## Your objective
Could every line of the listing be output exactly, with the pictures skipped?

## Given material
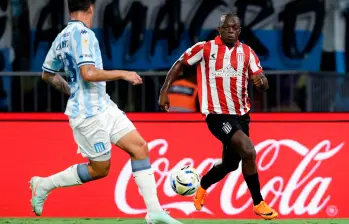 Edwuin Cetré campeón con Estudiantes de la Plata en el fútbol argentino. El colombiano ganó el pulso de cafeteros sobre Duván Vergara de Racing. FOTO TOMADA X@EdelpOficial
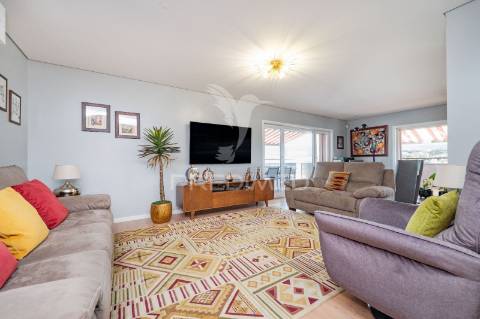 Incrível penthouse t5 em maximinos, braga – vistas panorâmicas sobre toda a cidade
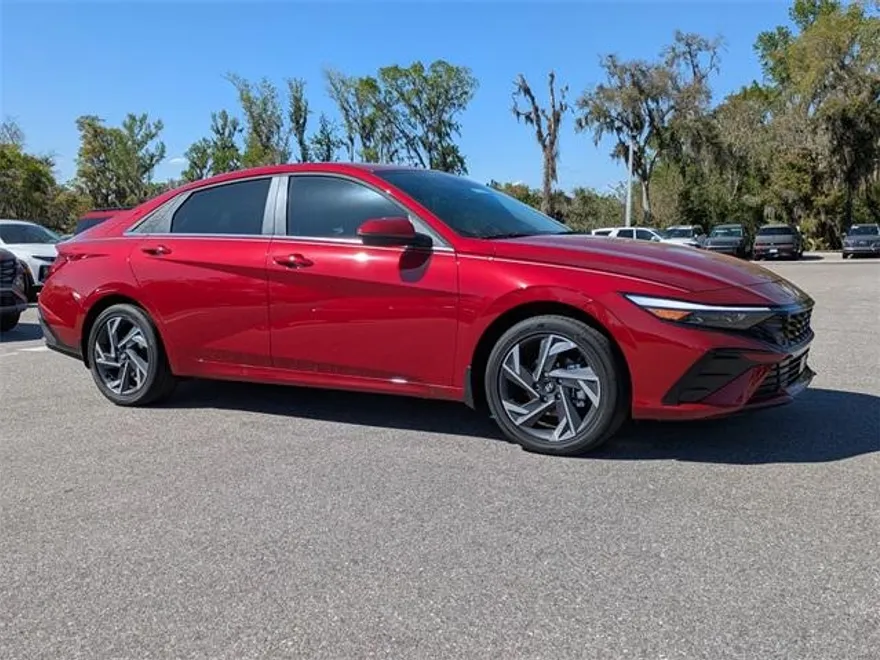 2025 Hyundai Elantra Hybrid Limited photo 1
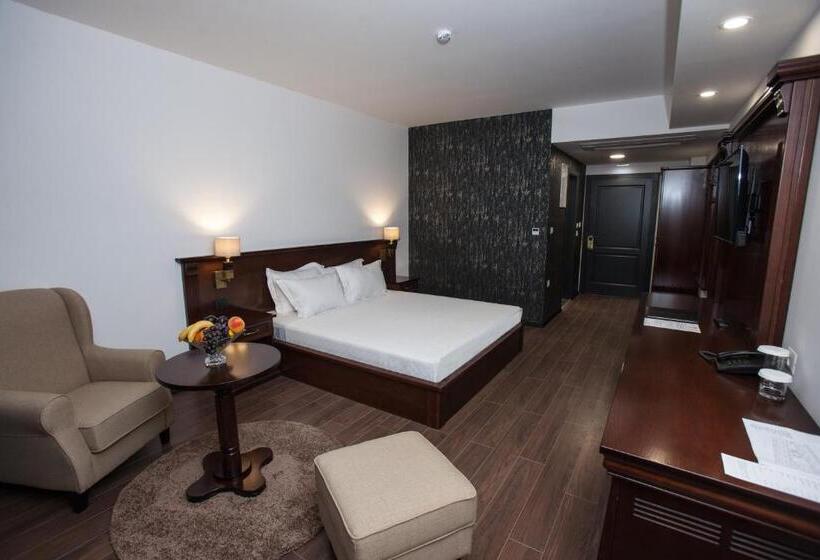 اتاق سوپریور, Sky Gevgelija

## Solved problem
 Edwuin Cetré campeón con Estudiantes de la Plata en el fútbol argentino. El colombiano ganó el pulso de cafeteros sobre Duván Vergara de Racing. FOTO TOMADA X@EdelpOficial
 Incrível penthouse t5 em maximinos, braga – vistas panorâmicas sobre toda a cidade
 2025 Hyundai Elantra Hybrid Limited photo 1
 اتاق سوپریور, Sky Gevgelija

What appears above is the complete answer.